What kind of server is this? The problem is likely an issue with how the server presents uniqueid's.

What would be very helpful would be to get a wire capture of a failed mount attempt. The instructions on how to do that are on this page:

    http://wiki.samba.org/index.php/LinuxCIFS_troubleshooting

Start up the capture, attempt the mount without the '-o noserverino' option and then stop the capture. Then attach the capture file to this bug.
Comment 8 Javier Barroso 2010-03-04 17:23:50 UTC
Hi,

Alfresco [1] have their own smb protocol implementation [2], I don't know if a java standard one.

I'm uploading a session (cifs-alfresco-bug.dump.gz).

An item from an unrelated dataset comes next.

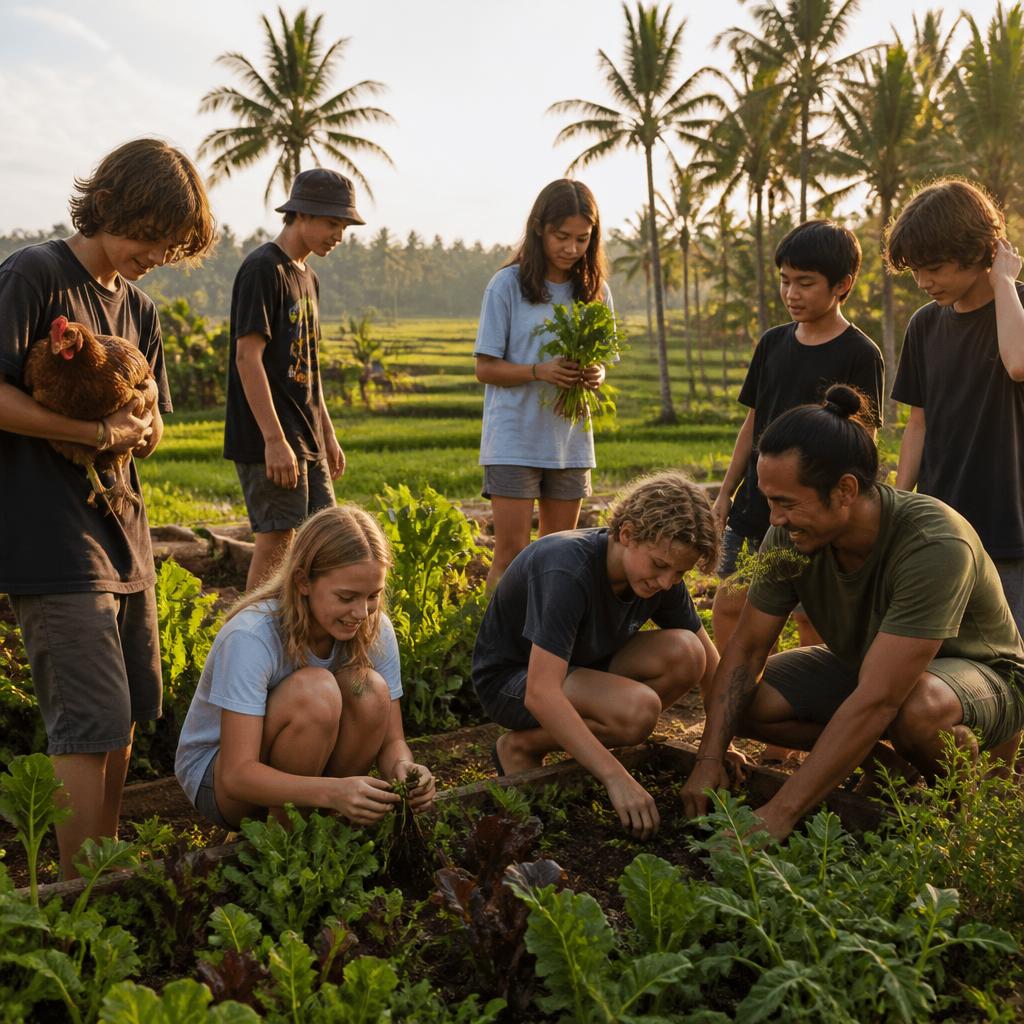 Teens and children at an organic Bali farm during a Winta's Place School Holiday Program camp in Ubud.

1. mount without any option
2. ls on mount point (empty)
3. umount

My wireshark told me:

Stopped processing module RFC1213-MIB due to error(s) to prevent potential crash in libsmi.
Module's conformance level: 1.
See details at: http://bugs.debian.org/cgi-bin/bugreport.cgi?bug=560325

but I think this is other issue ;)

Thank you 

[1] http://alfresco.com
[2] http://wiki.alfresco.com/wiki/CIFS_linux
Comment 9 Javier Barroso 2010-03-04 17:25:50 UTC
Created attachment 25356 [details]
mounting smb share from alfresco resulting in an empty dir

Captured with tcpdump:

mount
ls
umount

Thanks
Comment 10 Javier Barroso 2010-03-04 17:47:02 UTC
Created attachment 25358 [details]
dmesg after echo 7 > /proc/fs/cifs/cifsFYI

dmesg -c
echo 7 > /proc/fs/cifs/cifsFYI
mount 
umount
echo 0 > /proc/fs/cifs/cifsFYI
dmesg > cifs-alfresco-bug.dmesg.gz

Thanks
Comment 11 Javier Barroso 2010-03-04 17:48:07 UTC
I hope dmesg maybe useful here, too

Thank you
Comment 12 Jeff Layton 2010-03-04 18:52:56 UTC
Thanks, that helps...

It looks like the server is sending back a very strange error:

SMB	Trans2 Response, FIND_FIRST2, Error: Unknown SRV error (ff)

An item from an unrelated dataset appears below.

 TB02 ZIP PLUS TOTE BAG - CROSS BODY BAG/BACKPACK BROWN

This actually looks like a server bug, you may want to send this capture to the Alfresco people and have them fix it -- they should be sending back a sane error code.

We probably have a client side bug here as well. I'm not sure that we should be trying to use the FIND_FIRST2 infolevel that we are against this server, based on what it sent in the NegotiateProtocol request. Let me do a bit more research and I'll get back to you.

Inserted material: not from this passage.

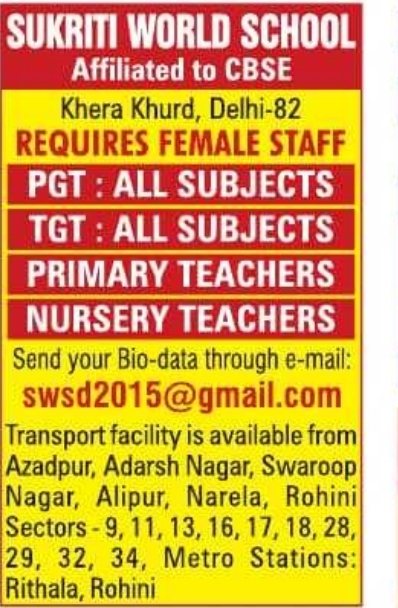 Hiring: Female Teaching Staff at Sukriti World School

For now, you should be able to use '-o noserverino' to work around the issue.
Comment 13 Javier Barroso 2010-03-04 19:32:34 UTC
I posted in their forum, I hope they tell me about where should I post the question (Alfresco community edition are archived in their bugtracker)...

http://forums.alfresco.com/en/viewtopic.php?f=47&t=25451

Thanks your effort
Comment 14 Jeff Layton 2010-03-05 18:52:12 UTC
Created attachment 25370 [details]
patch -- turn on SMBFLG2_IS_LONG_NAME

I really sort of doubt this will make any difference, but I noticed in the capture that we're not setting this bit in the header. You might want to try patching the kernel with this patch and then testing against this server again. Maybe it'll behave better?
Comment 15 Rafael J. Wysocki 2010-03-05 19:43:21 UTC
Handled-By : Jeff Layton <jlayton@redhat.com>
Comment 16 Jeff Layton 2010-03-05 20:12:32 UTC
To summarize...

This appears to be a server-side bug. The server is sending back an invalid error code in response to a SMB_FIND_FILE_ID_FULL_DIR_INFO infolevel TRANS2_FIND_FIRST2 request. This causes the client to do the best it can when translating the error and it returns an -EIO.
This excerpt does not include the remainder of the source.